Entre as inúmeras possibilidades de atuação da universidade, estaria sobretudo a de influir na criação desse ambiente. “O MCT produziu um diagnóstico apontando a assimetria entre a forte capacidade de pesquisa instalada em algumas universidades e a débil estrutura de pesquisa no âmbito privado. Temos um campo enorme de iniciativas: o Fundo Verde e Amarelo, por exemplo, mais que fonte de recursos, é um campo de experimentação institucional para mobilizar formas de pensar, para arranjos como a associação entre universidade e empresas. Esta associação pode se dar na forma de incubadoras, parques tecnológicos, centros virtuais de pesquisa, comunicação via rede etc.”.

Fiesp pede condições para competir
Em ano de eleições, a Fiesp (Federação das Indústrias do Estado de São Paulo) está propondo um programa político onde se discute o futuro da indústria e do desenvolvimento do país nos seus condicionantes econômicos e sociais. E coloca a inovação tecnológica como fundamental nesse processo, segundo Flávio Grynszpan, diretor do Departamento de Competitividade e Tecnologia.

Depois de enaltecer a discussão que vem sendo realizada no Fundo Verde e Amarelo, que considera um grande fórum onde estão os principais atores do processo de inovação – MCT, MDIC, academia e setor empresarial –, Grynszpan deixou claro o ponto de vista da Fiesp sobre a questão e a interação entre universidade e empresa: “A indústria entende que inovação é um processo industrial, que não acontece na academia. O gerador, o demandante da inovação é a indústria. Existem casos em que a universidade gera novos conhecimentos e tecnologias que podem se transformar em novos produtos, mas não é regra geral”.

O diretor da Fiesp afirma que o setor produtivo não demanda inovação porque ela lhe é oferecida, mas sim porque o mercado exige. “Se o mercado não obrigar, não há inovação”, insiste. Segundo Grynszpan, somente agora começa a existir consciência na indústria de um ambiente estimulador da inovação, principalmente para atender os programas de exportação e a substituição competitiva das importações.
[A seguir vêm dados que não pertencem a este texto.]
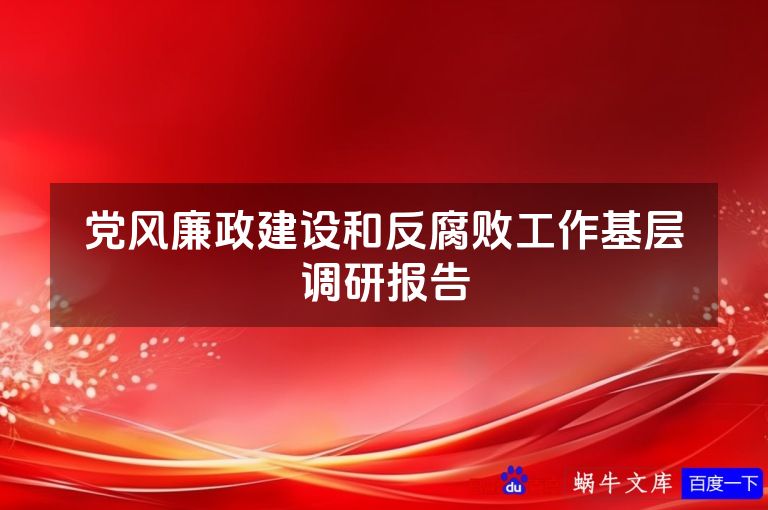 党风廉政建设和反腐败工作基层调研报告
Para estimular o processo, a Fiesp propõe parcerias com as multinacionais, que por já estarem no ambiente internacional encurtariam o caminho para as empresas nacionais. “Gostaríamos de ter centenas Embrapa e Embraer. Mas falamos de pequenas e médias empresas, que como fornecedoras ou parceiras das multinacionais, garantiriam acesso ao mercado mundial. É mais barato abrasileirar as nacionais do que ‘multinacionalizar’ as brasileiras”, observa Grynszpan.

A Fiesp defende, também, um programa do governo para melhorar a posição do Brasil no mercado de alta tecnologia. “Realizamos um estudo mostrando que empresas brasileiras têm participação média de 1% no comércio internacional, mas bem abaixo quando se trata do mercado de alta tecnologia.”
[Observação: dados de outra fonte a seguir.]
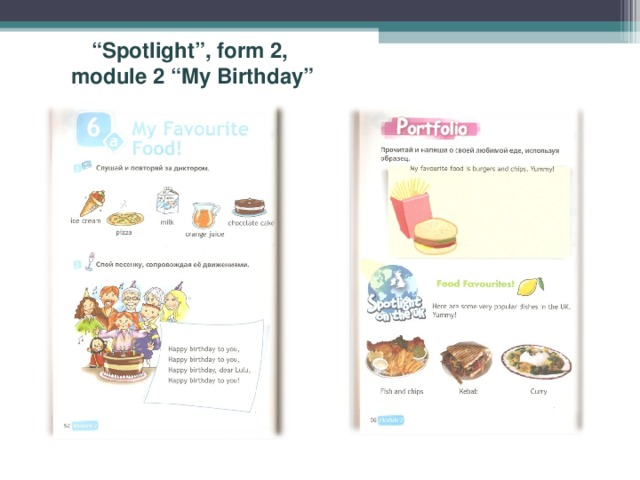 “ Spotlight”, form 2,  module 2 “My Birthday”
Dilema – O Fundo Verde e Amarelo, de acordo com Flávio Grynszpan, está procurando resolver outro problema: permitir a inovação em condições competitivas internacionais. Para esta capacitação, o governo dobraria o investimento em pesquisa e desenvolvimento até 2006, concentrando esse aumento no setor empresarial. “Sem expansão tecnológica, não haverá espaço para inovação e, conseqüentemente, para o processo de capacitação”, justifica o diretor. Mais um mecanismo de apoio, já em negociação, é dotar a Finep de taxas competitivas mundiais.
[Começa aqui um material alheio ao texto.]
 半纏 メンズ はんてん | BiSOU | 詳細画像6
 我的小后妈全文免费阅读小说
O diretor da Fiesp conclui: “Se o setor produtivo não desenvolver tecnologia, vamos ficar eternamente na agonia de ter a universidade distante das empresas. O problema não é da universidade, é do setor produtivo, que precisa ser dotado de instrumentos para que possa inovar. E nunca se deve pensar que a academia é a geradora da inovação. Nas vezes em que fez isso, a universidade se deu mal, porque não sabe gerar produtos competitivos.”